For any vertex x in a connected graph G of order n ≥ 2, a set S x ⊆ V (G) is an x-detour monophonic set of G if each vertex v ∈ V (G) lies on an x-y detour monophonic path for some element y in S x . The minimum cardinality of an x-detour monophonic set of G is the x-detour monophonic number of G, denoted by dm x (G). A connected x-detour monophonic set of G is an x-detour monophonic set S x such that the subgraph induced by S x is connected. The minimum cardinality of a connected x-detour monophonic set of G is the connected x-detour monophonic number of G, denoted by cdm x (G). A connected x-detour monophonic set S x of G is called a minimal connected x-detour monophonic set if no proper subset of S x is a connected x-detour monophonic set.

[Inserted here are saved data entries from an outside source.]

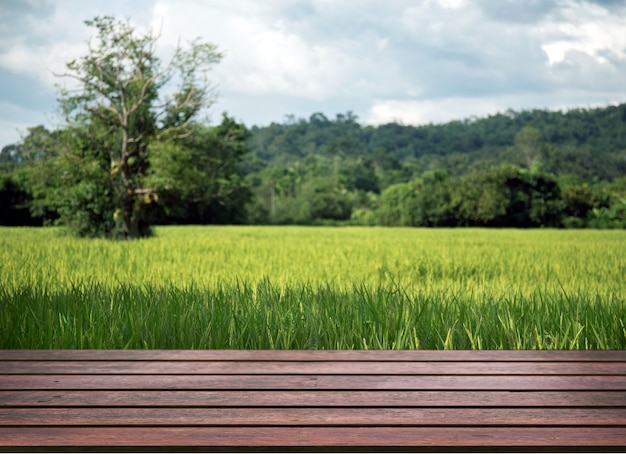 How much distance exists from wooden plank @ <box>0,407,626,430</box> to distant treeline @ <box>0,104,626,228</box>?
32.7 feet

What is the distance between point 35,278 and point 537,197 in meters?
20.7

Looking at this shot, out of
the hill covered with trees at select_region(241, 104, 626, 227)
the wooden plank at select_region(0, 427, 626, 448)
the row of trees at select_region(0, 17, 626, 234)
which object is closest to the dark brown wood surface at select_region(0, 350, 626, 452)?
the wooden plank at select_region(0, 427, 626, 448)

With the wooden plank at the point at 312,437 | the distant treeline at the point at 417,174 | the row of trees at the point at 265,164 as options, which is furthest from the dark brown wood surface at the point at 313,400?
the distant treeline at the point at 417,174

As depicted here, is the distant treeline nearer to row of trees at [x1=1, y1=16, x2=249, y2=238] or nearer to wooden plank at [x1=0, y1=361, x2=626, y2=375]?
row of trees at [x1=1, y1=16, x2=249, y2=238]

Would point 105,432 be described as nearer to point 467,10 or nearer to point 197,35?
point 467,10

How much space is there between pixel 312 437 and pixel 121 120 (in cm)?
1003

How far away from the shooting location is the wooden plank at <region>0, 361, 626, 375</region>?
1.97 meters

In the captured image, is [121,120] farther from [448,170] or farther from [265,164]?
[448,170]

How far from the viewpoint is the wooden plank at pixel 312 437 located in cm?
143

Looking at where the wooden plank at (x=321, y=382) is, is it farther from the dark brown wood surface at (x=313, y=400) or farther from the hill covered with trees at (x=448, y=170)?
Answer: the hill covered with trees at (x=448, y=170)

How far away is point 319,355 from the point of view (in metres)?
2.17

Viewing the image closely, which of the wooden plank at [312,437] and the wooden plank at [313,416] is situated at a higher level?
the wooden plank at [313,416]

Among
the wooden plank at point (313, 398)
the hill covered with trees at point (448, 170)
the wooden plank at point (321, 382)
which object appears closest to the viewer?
the wooden plank at point (313, 398)

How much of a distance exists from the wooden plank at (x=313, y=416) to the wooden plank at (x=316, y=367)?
0.34m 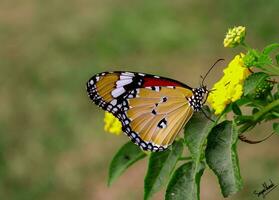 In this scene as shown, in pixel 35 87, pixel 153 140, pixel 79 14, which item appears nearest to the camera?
pixel 153 140

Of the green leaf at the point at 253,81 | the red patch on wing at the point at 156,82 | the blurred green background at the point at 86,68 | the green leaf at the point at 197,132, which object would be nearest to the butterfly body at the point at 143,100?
the red patch on wing at the point at 156,82

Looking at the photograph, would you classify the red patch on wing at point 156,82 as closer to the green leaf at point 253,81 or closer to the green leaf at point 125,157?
the green leaf at point 125,157

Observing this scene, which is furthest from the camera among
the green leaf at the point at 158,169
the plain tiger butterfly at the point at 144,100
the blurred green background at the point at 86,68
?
the blurred green background at the point at 86,68

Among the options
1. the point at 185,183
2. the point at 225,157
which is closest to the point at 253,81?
the point at 225,157

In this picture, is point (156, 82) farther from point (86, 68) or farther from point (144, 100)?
point (86, 68)

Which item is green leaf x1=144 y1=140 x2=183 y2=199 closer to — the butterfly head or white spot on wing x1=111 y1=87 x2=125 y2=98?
the butterfly head

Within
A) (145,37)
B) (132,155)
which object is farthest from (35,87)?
(132,155)

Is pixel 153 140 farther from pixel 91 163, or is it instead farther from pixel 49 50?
pixel 49 50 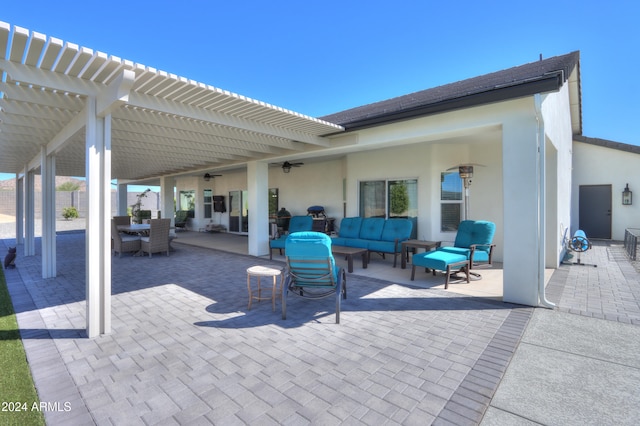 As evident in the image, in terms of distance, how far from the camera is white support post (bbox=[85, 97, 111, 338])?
3740mm

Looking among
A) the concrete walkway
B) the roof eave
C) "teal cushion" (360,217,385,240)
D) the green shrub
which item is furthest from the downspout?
the green shrub

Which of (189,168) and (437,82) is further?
Result: (189,168)

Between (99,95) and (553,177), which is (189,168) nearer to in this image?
(99,95)

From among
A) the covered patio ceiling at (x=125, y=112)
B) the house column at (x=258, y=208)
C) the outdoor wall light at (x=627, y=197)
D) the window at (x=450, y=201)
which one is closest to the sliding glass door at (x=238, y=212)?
the house column at (x=258, y=208)

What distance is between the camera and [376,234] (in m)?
8.13

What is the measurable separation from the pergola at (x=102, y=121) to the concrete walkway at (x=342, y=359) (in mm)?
973

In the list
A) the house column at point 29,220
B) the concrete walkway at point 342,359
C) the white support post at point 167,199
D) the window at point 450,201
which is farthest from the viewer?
the white support post at point 167,199

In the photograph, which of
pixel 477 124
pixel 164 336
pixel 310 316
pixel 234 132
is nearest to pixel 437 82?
pixel 477 124

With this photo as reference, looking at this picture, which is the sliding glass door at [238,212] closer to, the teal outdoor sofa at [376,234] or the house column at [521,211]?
the teal outdoor sofa at [376,234]

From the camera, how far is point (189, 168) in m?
12.1

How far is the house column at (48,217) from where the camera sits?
6.51m

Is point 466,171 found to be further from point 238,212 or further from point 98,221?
point 238,212

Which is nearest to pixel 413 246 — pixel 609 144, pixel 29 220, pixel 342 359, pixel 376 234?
pixel 376 234

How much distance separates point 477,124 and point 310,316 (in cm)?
410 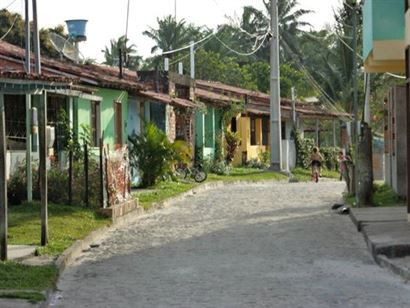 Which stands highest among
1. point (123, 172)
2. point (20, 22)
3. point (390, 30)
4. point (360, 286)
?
point (20, 22)

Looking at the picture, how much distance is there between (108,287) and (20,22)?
29.2 metres

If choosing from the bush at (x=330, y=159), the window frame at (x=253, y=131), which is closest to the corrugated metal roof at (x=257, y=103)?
the window frame at (x=253, y=131)

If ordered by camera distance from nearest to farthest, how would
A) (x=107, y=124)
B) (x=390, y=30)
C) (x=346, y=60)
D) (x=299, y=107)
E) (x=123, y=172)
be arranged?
(x=390, y=30)
(x=123, y=172)
(x=107, y=124)
(x=346, y=60)
(x=299, y=107)

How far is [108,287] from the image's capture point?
9828mm

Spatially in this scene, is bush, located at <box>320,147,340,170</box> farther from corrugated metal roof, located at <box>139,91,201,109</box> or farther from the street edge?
the street edge

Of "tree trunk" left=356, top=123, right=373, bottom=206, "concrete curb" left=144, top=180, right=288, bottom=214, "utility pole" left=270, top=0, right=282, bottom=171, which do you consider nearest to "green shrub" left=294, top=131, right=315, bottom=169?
"utility pole" left=270, top=0, right=282, bottom=171

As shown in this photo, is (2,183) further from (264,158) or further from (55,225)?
(264,158)

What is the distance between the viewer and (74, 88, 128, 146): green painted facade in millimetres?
20127

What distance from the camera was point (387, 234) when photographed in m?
13.0

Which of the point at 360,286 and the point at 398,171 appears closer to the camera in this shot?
the point at 360,286

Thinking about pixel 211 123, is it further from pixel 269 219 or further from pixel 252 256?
pixel 252 256

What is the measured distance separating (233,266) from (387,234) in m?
2.99

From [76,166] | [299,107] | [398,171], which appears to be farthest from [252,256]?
[299,107]

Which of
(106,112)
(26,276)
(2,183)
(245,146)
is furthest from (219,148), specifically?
(26,276) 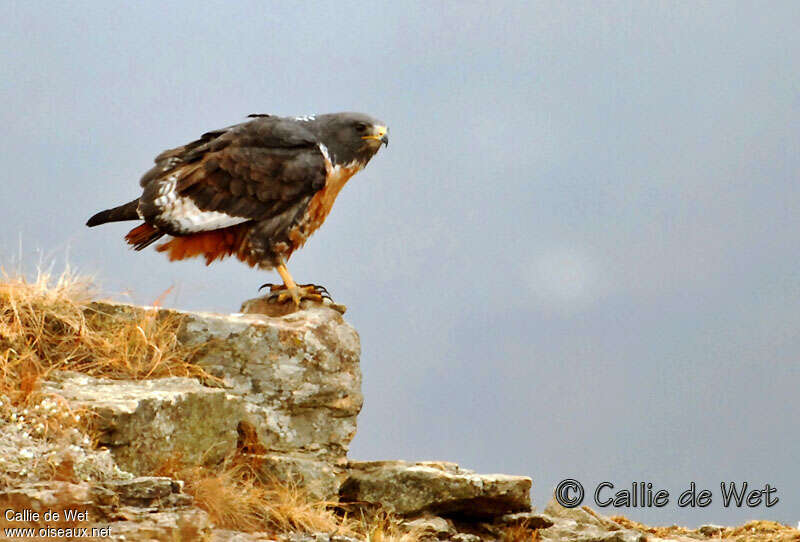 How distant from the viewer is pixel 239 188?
874 cm

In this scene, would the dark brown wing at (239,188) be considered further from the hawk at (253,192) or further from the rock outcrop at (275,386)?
the rock outcrop at (275,386)

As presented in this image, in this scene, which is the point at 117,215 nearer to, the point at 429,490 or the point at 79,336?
the point at 79,336

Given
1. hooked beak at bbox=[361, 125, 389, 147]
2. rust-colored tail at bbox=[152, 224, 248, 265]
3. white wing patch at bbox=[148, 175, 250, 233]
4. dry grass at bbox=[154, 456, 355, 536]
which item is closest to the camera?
dry grass at bbox=[154, 456, 355, 536]

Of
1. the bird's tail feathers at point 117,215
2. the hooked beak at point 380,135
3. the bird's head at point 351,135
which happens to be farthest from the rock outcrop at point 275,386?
the hooked beak at point 380,135

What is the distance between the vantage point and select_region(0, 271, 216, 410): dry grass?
7410 mm

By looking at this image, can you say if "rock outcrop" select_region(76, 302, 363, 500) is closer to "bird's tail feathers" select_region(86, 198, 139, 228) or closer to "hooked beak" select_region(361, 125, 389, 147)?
"bird's tail feathers" select_region(86, 198, 139, 228)

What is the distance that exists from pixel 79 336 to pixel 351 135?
3135 mm

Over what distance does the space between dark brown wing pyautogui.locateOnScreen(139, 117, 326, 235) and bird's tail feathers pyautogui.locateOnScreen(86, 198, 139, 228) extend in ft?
0.57

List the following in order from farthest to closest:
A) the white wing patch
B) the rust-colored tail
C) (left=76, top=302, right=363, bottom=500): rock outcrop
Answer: the rust-colored tail, the white wing patch, (left=76, top=302, right=363, bottom=500): rock outcrop

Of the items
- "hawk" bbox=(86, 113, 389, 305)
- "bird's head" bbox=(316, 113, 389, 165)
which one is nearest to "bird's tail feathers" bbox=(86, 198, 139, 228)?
"hawk" bbox=(86, 113, 389, 305)

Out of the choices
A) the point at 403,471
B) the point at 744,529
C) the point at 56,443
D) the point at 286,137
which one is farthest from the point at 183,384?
the point at 744,529

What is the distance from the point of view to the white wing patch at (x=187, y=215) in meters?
8.66

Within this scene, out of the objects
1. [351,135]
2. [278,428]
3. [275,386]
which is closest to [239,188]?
[351,135]

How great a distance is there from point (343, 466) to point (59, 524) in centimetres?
330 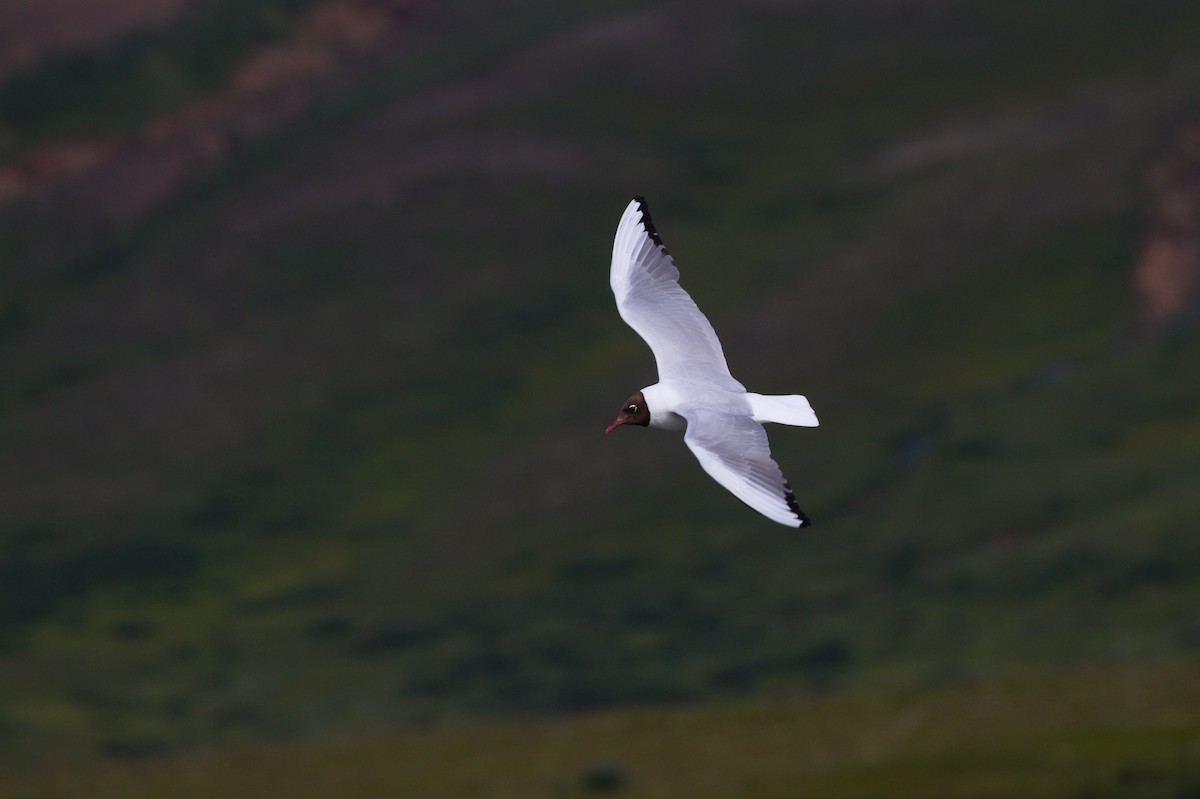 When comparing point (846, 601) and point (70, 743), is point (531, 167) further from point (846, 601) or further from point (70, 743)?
point (70, 743)

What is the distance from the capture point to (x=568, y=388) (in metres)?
86.4

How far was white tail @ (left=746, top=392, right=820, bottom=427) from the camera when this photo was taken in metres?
16.2

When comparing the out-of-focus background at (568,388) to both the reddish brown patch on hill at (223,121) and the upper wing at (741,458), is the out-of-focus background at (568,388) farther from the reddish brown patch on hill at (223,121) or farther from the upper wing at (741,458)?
the upper wing at (741,458)

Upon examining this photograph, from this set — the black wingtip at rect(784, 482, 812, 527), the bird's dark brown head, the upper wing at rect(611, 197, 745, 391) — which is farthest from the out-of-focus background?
the black wingtip at rect(784, 482, 812, 527)

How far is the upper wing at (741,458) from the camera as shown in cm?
1490

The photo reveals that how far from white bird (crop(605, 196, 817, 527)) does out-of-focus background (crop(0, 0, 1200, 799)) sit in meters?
31.9

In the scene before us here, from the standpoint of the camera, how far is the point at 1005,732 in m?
49.2

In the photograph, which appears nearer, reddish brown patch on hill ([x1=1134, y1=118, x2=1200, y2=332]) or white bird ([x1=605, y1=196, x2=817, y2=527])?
white bird ([x1=605, y1=196, x2=817, y2=527])

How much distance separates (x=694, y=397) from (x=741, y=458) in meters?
1.60

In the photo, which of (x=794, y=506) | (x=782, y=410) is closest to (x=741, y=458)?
(x=782, y=410)

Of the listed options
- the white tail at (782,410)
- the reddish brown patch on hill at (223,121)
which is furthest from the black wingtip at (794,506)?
the reddish brown patch on hill at (223,121)

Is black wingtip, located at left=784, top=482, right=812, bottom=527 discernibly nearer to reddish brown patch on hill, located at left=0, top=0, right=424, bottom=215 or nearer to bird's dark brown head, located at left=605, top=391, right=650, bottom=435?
bird's dark brown head, located at left=605, top=391, right=650, bottom=435

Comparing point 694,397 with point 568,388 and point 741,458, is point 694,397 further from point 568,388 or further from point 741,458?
point 568,388

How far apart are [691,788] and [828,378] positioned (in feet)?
120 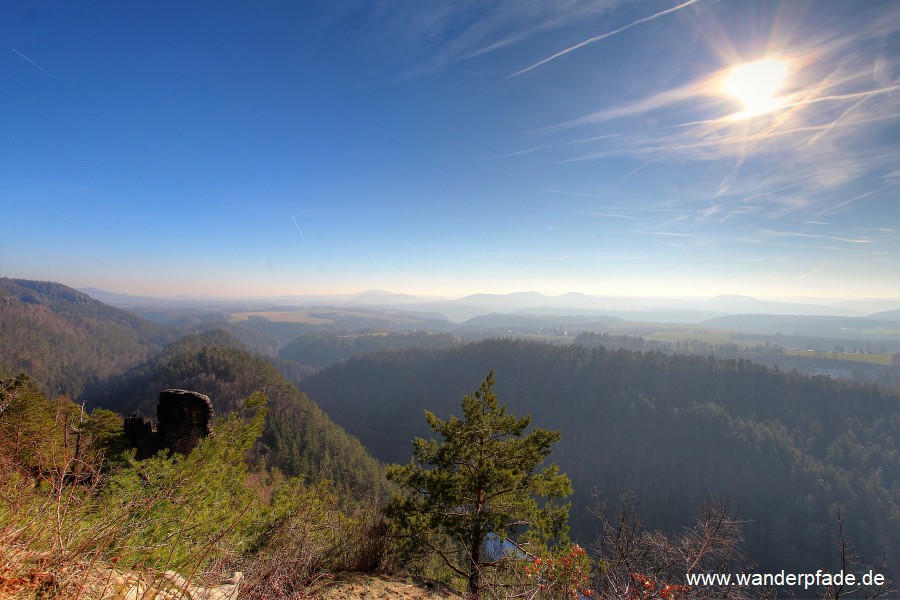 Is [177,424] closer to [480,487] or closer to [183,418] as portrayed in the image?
[183,418]

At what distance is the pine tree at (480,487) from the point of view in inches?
318

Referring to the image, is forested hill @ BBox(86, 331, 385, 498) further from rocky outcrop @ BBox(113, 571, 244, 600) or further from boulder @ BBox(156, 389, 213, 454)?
rocky outcrop @ BBox(113, 571, 244, 600)

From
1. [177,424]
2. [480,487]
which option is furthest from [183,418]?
[480,487]

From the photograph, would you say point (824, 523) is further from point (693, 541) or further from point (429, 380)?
point (429, 380)

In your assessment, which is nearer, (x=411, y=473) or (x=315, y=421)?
(x=411, y=473)

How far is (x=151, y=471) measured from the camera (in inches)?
263

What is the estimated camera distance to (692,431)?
3529 inches

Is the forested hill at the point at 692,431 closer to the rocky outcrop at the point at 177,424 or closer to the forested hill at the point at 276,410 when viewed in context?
the forested hill at the point at 276,410

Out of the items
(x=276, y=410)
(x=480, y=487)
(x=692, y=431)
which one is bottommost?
(x=692, y=431)

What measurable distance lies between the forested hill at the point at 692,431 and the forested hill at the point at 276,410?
38.3m

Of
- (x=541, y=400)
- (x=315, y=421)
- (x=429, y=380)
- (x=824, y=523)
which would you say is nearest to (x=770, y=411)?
(x=824, y=523)

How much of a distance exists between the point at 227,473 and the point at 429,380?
12802cm

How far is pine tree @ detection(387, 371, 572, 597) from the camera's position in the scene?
8.08m

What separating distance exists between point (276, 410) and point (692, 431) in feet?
323
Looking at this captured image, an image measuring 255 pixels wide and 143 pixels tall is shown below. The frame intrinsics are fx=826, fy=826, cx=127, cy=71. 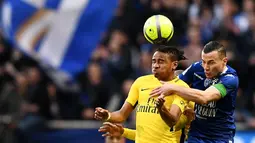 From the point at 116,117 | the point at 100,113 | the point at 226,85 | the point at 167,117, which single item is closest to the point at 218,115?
the point at 226,85

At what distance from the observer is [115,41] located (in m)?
15.9

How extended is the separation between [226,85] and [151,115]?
3.06 feet

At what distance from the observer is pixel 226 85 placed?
9.18m

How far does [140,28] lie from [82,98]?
1.75 metres

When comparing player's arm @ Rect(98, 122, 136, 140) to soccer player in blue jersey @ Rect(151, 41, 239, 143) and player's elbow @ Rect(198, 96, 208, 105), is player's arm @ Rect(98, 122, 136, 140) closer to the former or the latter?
soccer player in blue jersey @ Rect(151, 41, 239, 143)

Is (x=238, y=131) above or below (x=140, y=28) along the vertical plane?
below

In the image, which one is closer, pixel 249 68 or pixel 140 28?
pixel 249 68

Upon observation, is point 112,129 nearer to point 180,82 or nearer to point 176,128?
point 176,128

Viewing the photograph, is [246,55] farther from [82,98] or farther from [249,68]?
[82,98]

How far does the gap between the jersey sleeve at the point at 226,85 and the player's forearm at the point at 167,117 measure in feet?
2.28

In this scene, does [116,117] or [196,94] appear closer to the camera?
[196,94]

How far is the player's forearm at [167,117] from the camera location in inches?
338

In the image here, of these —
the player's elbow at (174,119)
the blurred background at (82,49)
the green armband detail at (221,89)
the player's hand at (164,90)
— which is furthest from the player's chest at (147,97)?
the blurred background at (82,49)

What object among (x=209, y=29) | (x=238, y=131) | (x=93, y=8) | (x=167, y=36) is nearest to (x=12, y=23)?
(x=93, y=8) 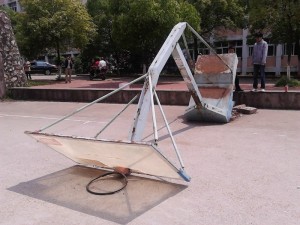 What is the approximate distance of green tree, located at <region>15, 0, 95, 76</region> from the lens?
71.0 feet

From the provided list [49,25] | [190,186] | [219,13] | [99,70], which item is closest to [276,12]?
[219,13]

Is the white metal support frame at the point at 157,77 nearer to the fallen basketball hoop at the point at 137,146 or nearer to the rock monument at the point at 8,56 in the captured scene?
the fallen basketball hoop at the point at 137,146

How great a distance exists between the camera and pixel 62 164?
5926mm

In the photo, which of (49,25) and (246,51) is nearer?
(49,25)

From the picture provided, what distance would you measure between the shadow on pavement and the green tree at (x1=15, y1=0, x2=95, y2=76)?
17.8 metres

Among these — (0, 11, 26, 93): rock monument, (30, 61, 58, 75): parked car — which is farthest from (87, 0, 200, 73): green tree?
(30, 61, 58, 75): parked car

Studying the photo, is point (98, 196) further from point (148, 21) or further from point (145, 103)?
point (148, 21)

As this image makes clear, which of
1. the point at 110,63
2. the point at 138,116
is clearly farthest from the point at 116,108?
the point at 110,63

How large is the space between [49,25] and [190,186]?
1892 centimetres

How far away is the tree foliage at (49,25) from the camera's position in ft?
71.0

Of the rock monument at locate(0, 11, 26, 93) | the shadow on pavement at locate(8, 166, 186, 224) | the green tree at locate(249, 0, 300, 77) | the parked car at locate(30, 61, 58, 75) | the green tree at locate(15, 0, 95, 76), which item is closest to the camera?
the shadow on pavement at locate(8, 166, 186, 224)

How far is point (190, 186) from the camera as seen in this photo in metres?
4.74

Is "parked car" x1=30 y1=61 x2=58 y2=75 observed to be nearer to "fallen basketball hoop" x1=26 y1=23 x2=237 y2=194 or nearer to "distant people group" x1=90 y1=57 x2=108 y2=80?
"distant people group" x1=90 y1=57 x2=108 y2=80

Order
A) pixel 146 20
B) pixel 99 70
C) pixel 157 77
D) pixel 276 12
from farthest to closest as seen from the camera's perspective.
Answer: pixel 99 70 < pixel 146 20 < pixel 276 12 < pixel 157 77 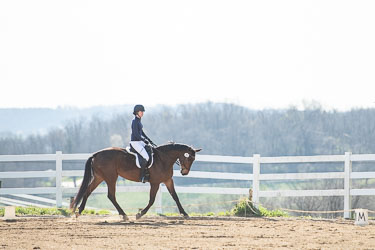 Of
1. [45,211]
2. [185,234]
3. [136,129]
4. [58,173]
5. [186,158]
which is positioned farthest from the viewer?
[58,173]

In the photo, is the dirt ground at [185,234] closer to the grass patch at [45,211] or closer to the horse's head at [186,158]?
the horse's head at [186,158]

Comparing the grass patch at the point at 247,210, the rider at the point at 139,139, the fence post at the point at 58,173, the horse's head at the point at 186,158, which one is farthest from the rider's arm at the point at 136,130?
the fence post at the point at 58,173

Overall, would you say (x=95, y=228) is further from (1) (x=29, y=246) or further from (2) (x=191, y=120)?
(2) (x=191, y=120)

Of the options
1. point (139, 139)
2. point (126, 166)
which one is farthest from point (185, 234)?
point (126, 166)

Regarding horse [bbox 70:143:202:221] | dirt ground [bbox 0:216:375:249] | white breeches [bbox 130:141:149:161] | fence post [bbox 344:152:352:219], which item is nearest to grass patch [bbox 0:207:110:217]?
horse [bbox 70:143:202:221]

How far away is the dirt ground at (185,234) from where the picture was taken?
10.3 metres

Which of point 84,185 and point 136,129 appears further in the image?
point 84,185

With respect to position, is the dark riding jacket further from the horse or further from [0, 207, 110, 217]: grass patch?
[0, 207, 110, 217]: grass patch

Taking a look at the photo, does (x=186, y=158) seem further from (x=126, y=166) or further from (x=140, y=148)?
(x=126, y=166)

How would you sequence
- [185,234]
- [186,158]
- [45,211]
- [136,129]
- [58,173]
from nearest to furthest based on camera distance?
[185,234] → [136,129] → [186,158] → [45,211] → [58,173]

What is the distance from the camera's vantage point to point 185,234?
38.4ft

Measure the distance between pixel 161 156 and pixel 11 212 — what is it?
11.8 ft

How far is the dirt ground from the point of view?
1031 centimetres

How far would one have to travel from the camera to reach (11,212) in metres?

The upper connected x-detour monophonic number of G, denoted by cdm+ x (G), is defined to be the maximum cardinality of a minimal connected x-detour monophonic set of G. We determine bounds and exact values of these parameters for some special classes of graphs. We also prove that for positive integers r,d and k with 2 ≤ r ≤ d and k ≥ 2, there exists a connected graph G with monophonic radius r, monophonic diameter d and upper connected x-detour monophonic number k for some vertex x in G. Also, it is shown that for positive integers j,k,l and n with 2 ≤ j ≤ k ≤ l ≤ n - 3, there exists a connected graph G of order n with dm x (G) = j,dm+ x (G) = k and cdm+ x (G) = l for some vertex x in G.